中国メディアの都市快報は23日付で、「日本に行って中国の古籍を求める」と題する論説を発表した。同論説は、日本では中国でも失われてしまった大量の古書が保存されてきたと紹介。戦前の1928年には、中国人研究者に皇室の図書寮文庫での閲覧を認めるなど、各段の便宜を図ったことにも触れた。

 記事はまず、日本は遣唐使の留学生が、大量の書籍を日本に持ち帰ったと紹介。貴人や寺院が適切に保存したため、中国ではすでに失われた書物が日本では大量に残ったと紹介した。

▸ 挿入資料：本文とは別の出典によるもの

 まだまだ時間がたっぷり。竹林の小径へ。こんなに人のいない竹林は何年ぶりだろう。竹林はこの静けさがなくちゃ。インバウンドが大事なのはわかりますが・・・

 日本でも多くの場合図書は私蔵されてきたので、多くの人の目に触れることはなかったと指摘。しかし明治維新で「西洋文明一辺倒」の状況になると、中国などの古書を売って西洋の書物を入手しようとする例が増えたと紹介。

 そのため、中国の文化人には日本に残っていた書物を購入しようという動きが発生した。代表的な人物としては、金石の専門家で外交官として1870年に来日した楊守敬がいた。楊守敬は六朝時代、さらに唐から清朝までに世に出た古書3万巻を中国に持ち帰った。中国では失われた古書も多く、例えば唐代初期に日本に渡った尚書(書経)の拓本もあるという。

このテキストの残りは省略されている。